Come e quando è nato Sementerie Artistiche? 

«Il progetto – racconta Manuela De Meo – è nato a seguito del terremoto del 2012 in Emilia. In quel periodo l’azienda che ora ci ospita – attiva dagli anni ‘30 –  stava trasformando la sua produzione, perciò quando i magazzini e gli edifici sono stati danneggiati dal terremoto, poi sono stati ricostruiti diversamente. Io e Pietro lavoravamo già come attori, non avevamo uno spazio ma avevamo accumulato esperienze in diversi luoghi da cui abbiamo tratto ispirazione per Sementerie. Così abbiamo colto questa occasione inaspettata, nel 2013 sono iniziati i lavori e nel giro di un paio d’anni, a fine 2015, abbiamo ufficialmente fondato le Sementerie Artistiche. Il nome è scelto proprio in onore dell’azienda, conosciuta per la sua attività di ricerca genetica sui semi. Inoltre, in questo concetto di seme, volevamo intendere anche il germogliare di qualcosa di nuovo in un luogo inaspettato e non deputato alle attività culturali». 
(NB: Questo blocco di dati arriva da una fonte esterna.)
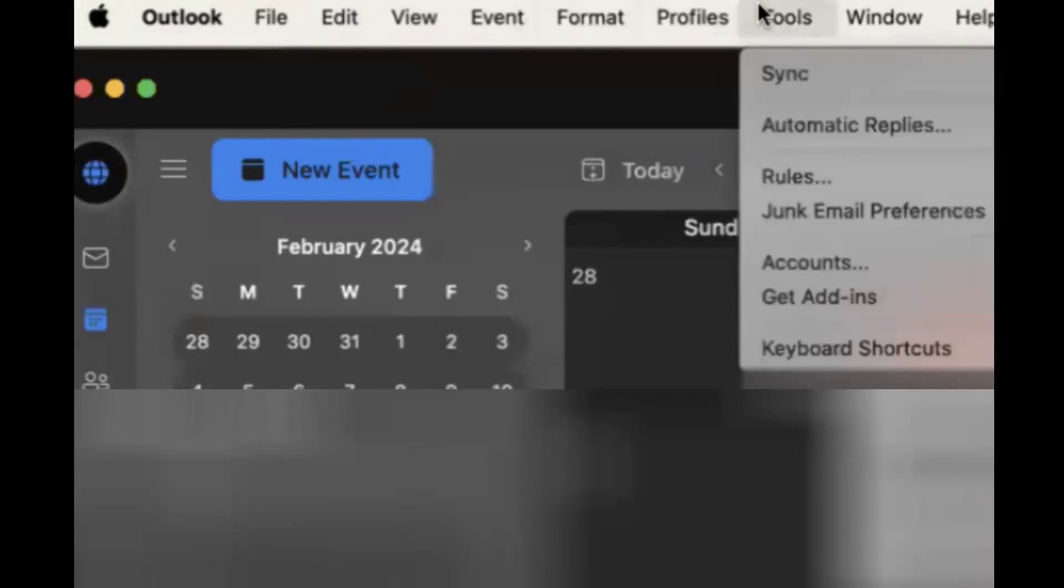Hello viewers, welcome back to another video. In this video, we're going to discuss how to apply out of office from Outlook. As you can see, this is Mac Outlook.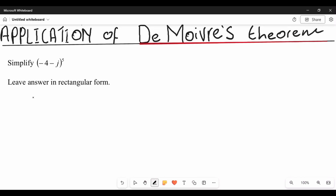Welcome back to the channel. Today in this video we'll be doing the application of De Moivre's theorem on this question that you see here. Before we start, how about you pause this video, try to solve this problem, and let's see if your answer is going to be the same as the one we're going to get at the end of this video.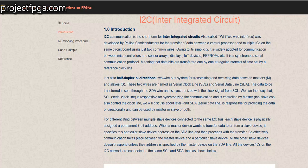Hello everyone, welcome to my channel. In this video, I will be talking about I2C.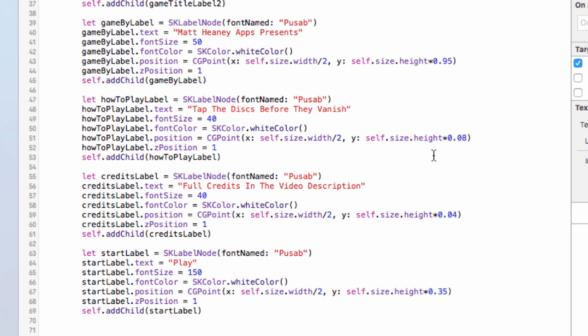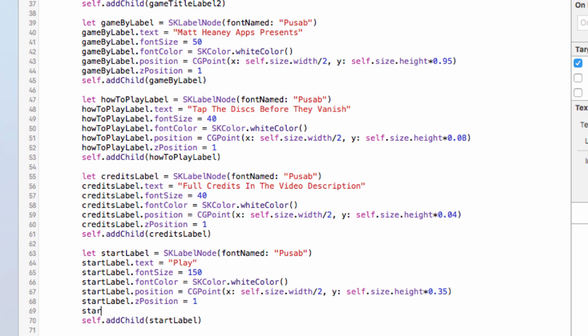We've got a how-to-play label — uses Pusab, text is 'Tap the discs before they vanish', font size 40, font color white, positioned halfway across the screen, eight percent of the way up, z-position of one. There's a credits label that says 'Full credits in video description' — if you want to put this on the App Store you have to include full credits somewhere; font size 40, font color white, positioned halfway across, four percent up, z-position of one. Finally, the start label uses Pusab, text 'Play', font size 150, font color white, halfway across, 35% up, z-position of one — and this one needs a name property because it will be a button.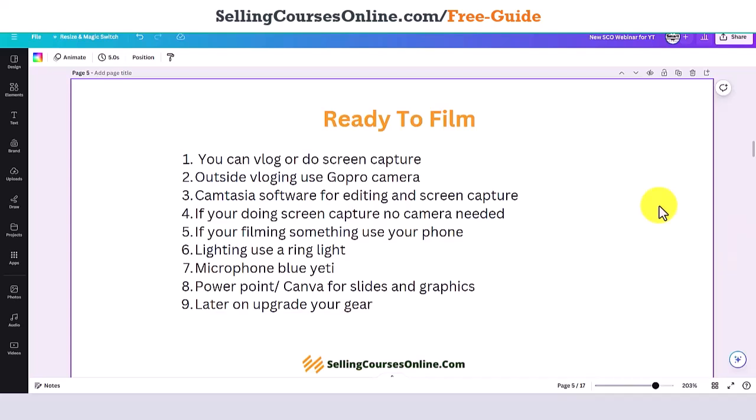When you're ready to film, it always depends on what type of course you're actually doing. If you're doing something similar to what I do — everything on a computer — everything is done with screen capture. If you're watching my complete course, everything is filmed with Camtasia software, with my computer, mouse, and audio. I don't use any lighting, I'm not on camera. That's called screen capture.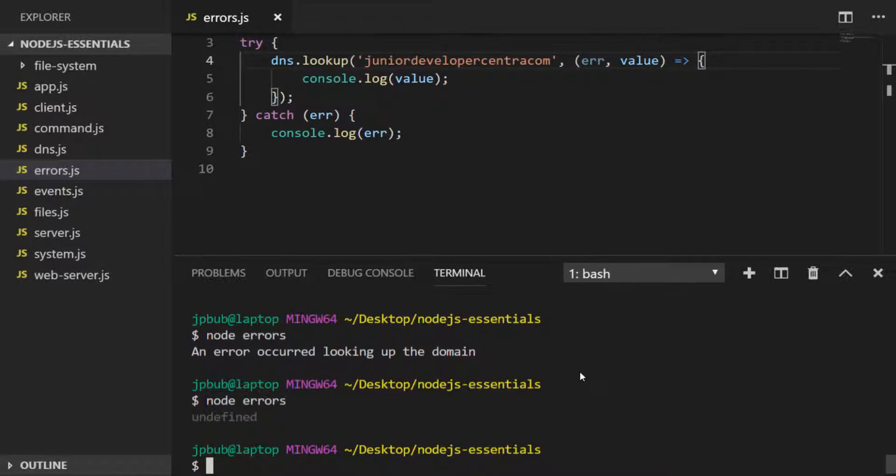That's why it's important to be aware of this error-first callback pattern and make sure you're paying attention to it within the code that you're writing.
Quali sono le progettualità all’interno di questo spazio?

«Ci occupiamo di produzione di spettacoli, che nei primi anni erano realizzati in collaborazione con il Banfield Teatro Ensamble di Buenos Aires; e di altre attività culturali come laboratori di teatro, danza aerea, workshop di lettura, residenze, dando anche la possibilità agli artisti di soggiornare nella nostra foresteria.  
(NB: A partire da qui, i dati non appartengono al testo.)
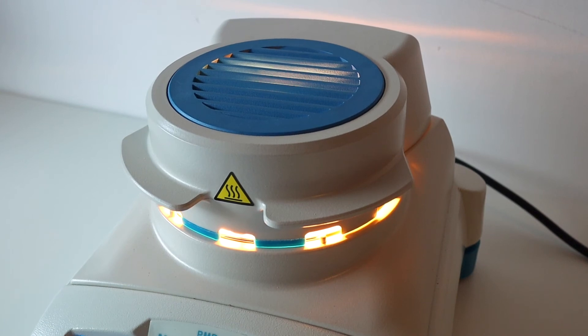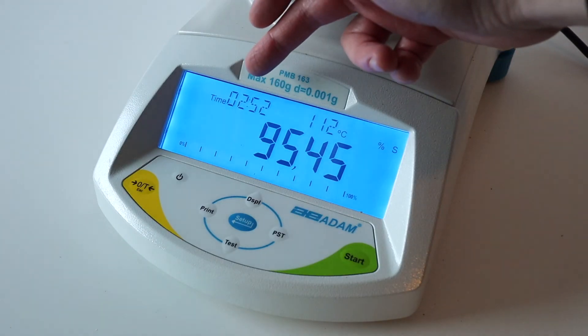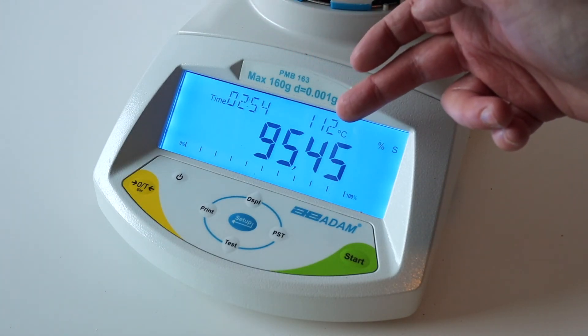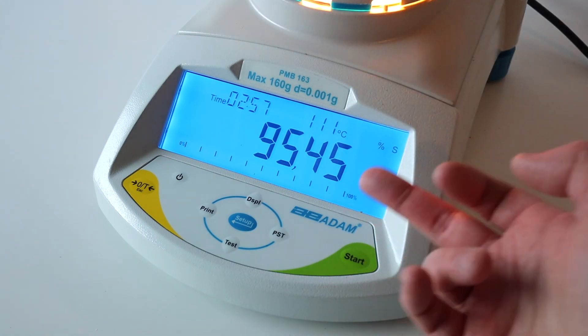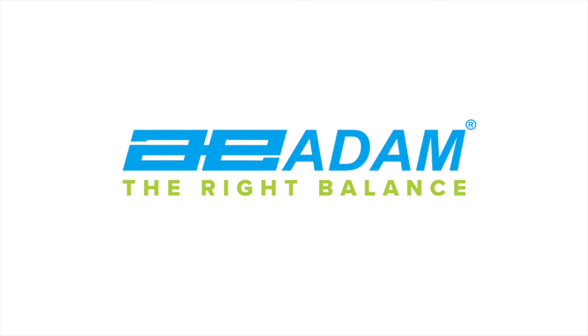The results will begin appearing on screen: the elapsed time, temperature inside the chamber, and the moisture removed from the sample. For more information about using the Adam Equipment PMB Moisture Analyzer, please see the user manual.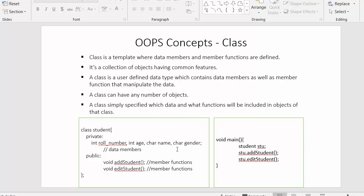When a class is created, we then create an object — either one object of that class or more than one object of the same class. However many objects we create, each and every object will have access to each and every function of the class. It's a collection of objects having common features, and each object will have access to the common data members and member functions.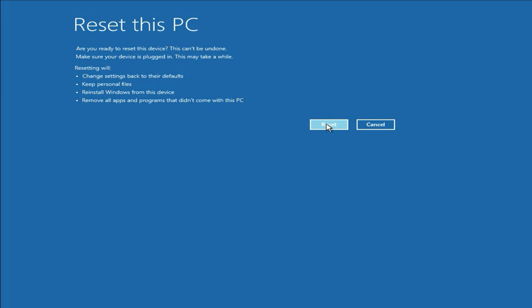So these are the troubleshooting steps you can apply to fix this blue screen error completely. This is all for the video. Thank you.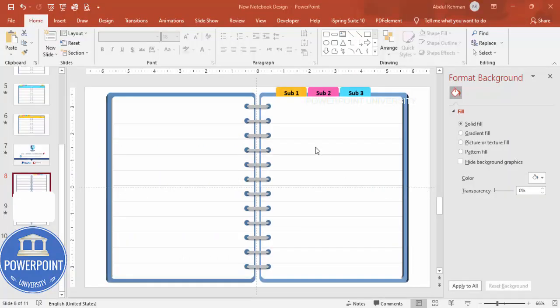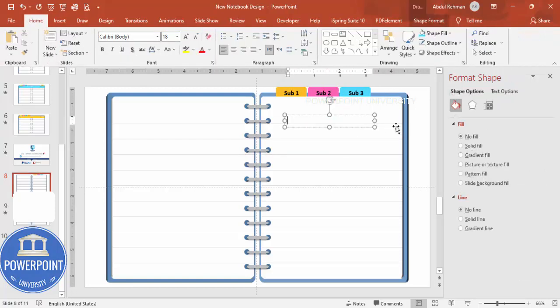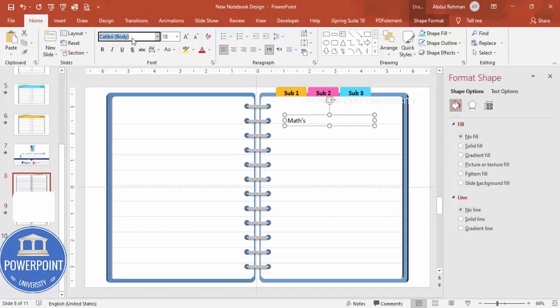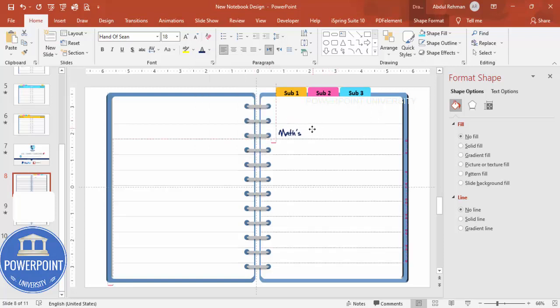The design is complete — now it's time to add text of your choice. Go to Insert > Text Box, and type, for example, 'Subject One: Mathematics'. Use the 'Hand of Sean' font, give it a color of your choice, and position it on the page.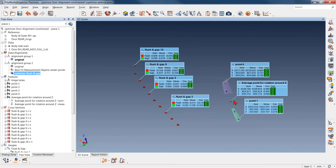So with that, we've seen in these two examples that the flush and gap gauges in PolyWorks can be more than just a simple measurement that gives us a single result. It can be used to optimize the best results of an assembly of components to one another. This is one of the terms you've heard us use — point cloud engineering. With that, I'm going to turn this back over to Amanda and see if we have any questions.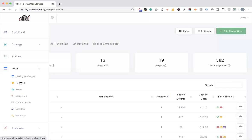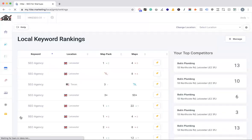There's also a local actions page — essentially just like the main action page but for all local section actions — and insights for reporting. Coming soon is local ranking, which will show your keyword rankings in the map pack and in Maps, including your top local competitors. This will roll out over the next couple of months, providing an extra level of reporting so you can track your local SEO progress.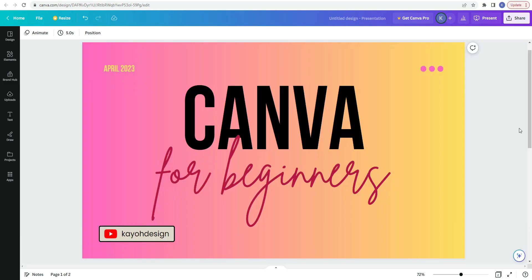So this concludes the Canva for Beginners video. In this video, we went over what Canva is, who it's for, the price, and some of its features. I do intend on making another video that talks a little bit more about actually designing in Canva and certain buttons and features that are available.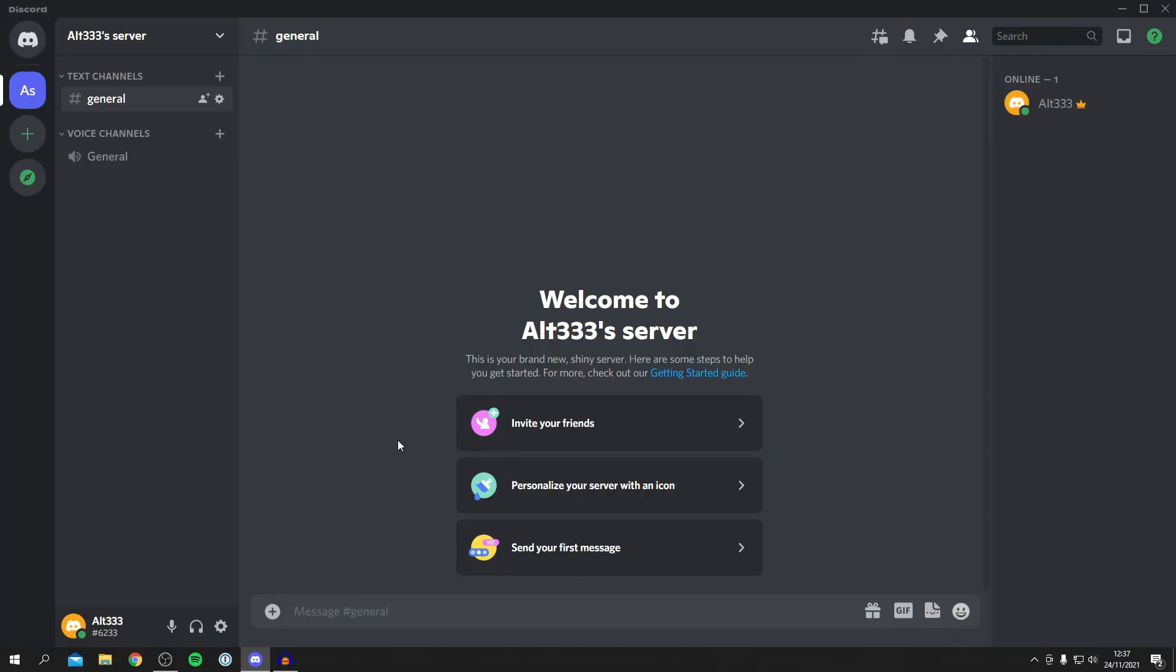So without any further ado, let's get into this. I'm now on Discord, but just a quick note - this guide is also going to work if you're on a mobile device or any device, as long as you've got Discord it's going to work.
A partire dal 2016 abbiamo inoltre dato il via a Le Notti delle Sementerie, che ha visto fin da subito la costruzione del teatro di paglia, nato inizialmente da un problema: la sala al chiuso non poteva ancora ospitare gli spettacoli e il pubblico perché mancava la gradinata, il graticcio etc. Così, relazionandoci con l’azienda, abbiamo costruito il teatro di paglia, poi divenuto il simbolo del Le Notti, luogo che unisce il mondo agricolo a quello teatrale. Sembrano universi inconciliabili, ma è proprio in virtù della non convenzionalità degli spazi che si apre la possibilità di immaginare progetti originali, diversi rispetto a quelli che avvengono nel contesto urbano». 

Quali sono le interlocuzioni con l’azienda e come si è sviluppato il rapporto in relazione alla gestione dello spazio?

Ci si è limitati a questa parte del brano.